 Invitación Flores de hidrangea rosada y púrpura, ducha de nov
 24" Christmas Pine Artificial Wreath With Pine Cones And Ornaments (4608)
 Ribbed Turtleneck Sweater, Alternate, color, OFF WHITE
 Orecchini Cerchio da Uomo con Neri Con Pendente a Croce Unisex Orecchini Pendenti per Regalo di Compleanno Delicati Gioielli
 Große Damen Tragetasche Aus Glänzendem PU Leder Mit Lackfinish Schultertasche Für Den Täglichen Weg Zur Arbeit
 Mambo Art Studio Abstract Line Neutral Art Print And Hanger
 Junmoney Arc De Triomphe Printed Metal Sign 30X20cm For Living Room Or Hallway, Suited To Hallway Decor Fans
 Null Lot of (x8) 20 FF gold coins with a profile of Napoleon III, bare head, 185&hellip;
--
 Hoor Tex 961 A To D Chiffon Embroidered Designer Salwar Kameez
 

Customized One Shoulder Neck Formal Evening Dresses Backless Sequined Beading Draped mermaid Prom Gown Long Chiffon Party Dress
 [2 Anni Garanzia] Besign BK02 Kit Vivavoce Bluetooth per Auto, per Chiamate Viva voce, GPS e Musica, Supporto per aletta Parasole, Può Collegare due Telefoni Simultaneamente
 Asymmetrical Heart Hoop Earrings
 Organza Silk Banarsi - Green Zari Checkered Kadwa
---
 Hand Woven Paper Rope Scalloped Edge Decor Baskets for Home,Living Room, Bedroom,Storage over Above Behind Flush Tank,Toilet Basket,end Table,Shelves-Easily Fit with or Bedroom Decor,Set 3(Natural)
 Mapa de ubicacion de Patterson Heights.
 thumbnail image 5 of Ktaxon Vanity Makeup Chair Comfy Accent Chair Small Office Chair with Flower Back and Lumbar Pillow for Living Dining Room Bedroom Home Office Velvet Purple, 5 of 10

● WHAT THE TASK ASKS:
In the listing above, find the line containing "Invitación Flores de" and the line containing "Null Lot of", then retype both and every line between them exactly, with nothing else.

● RESPONSE BOX:
 Invitación Flores de hidrangea rosada y púrpura, ducha de nov
 24" Christmas Pine Artificial Wreath With Pine Cones And Ornaments (4608)
 Ribbed Turtleneck Sweater, Alternate, color, OFF WHITE
 Orecchini Cerchio da Uomo con Neri Con Pendente a Croce Unisex Orecchini Pendenti per Regalo di Compleanno Delicati Gioielli
 Große Damen Tragetasche Aus Glänzendem PU Leder Mit Lackfinish Schultertasche Für Den Täglichen Weg Zur Arbeit
 Mambo Art Studio Abstract Line Neutral Art Print And Hanger
 Junmoney Arc De Triomphe Printed Metal Sign 30X20cm For Living Room Or Hallway, Suited To Hallway Decor Fans
 Null Lot of (x8) 20 FF gold coins with a profile of Napoleon III, bare head, 185&hellip;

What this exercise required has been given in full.